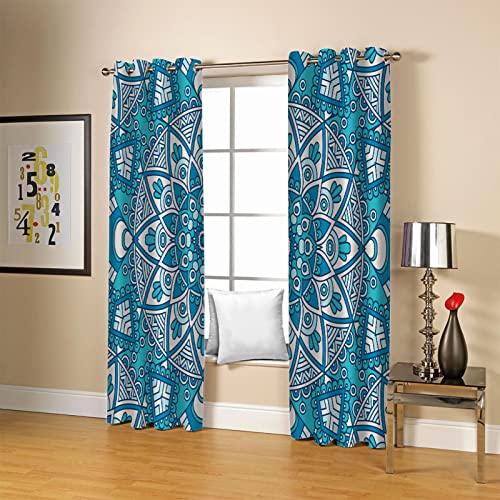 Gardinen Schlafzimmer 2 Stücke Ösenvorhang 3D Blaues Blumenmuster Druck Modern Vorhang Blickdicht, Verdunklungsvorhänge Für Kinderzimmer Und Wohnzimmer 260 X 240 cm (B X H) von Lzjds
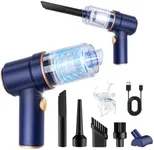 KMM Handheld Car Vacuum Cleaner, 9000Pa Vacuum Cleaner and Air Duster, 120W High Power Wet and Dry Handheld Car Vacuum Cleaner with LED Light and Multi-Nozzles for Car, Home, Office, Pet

###

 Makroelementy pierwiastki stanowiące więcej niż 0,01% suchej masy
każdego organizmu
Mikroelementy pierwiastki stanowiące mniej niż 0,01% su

###

» **TASK TO CARRY OUT**
Wherever a line above contains "pierwiastki", copy that line.

» **TASK OUTPUT**
 Makroelementy pierwiastki stanowiące więcej niż 0,01% suchej masy
Mikroelementy pierwiastki stanowiące mniej niż 0,01% su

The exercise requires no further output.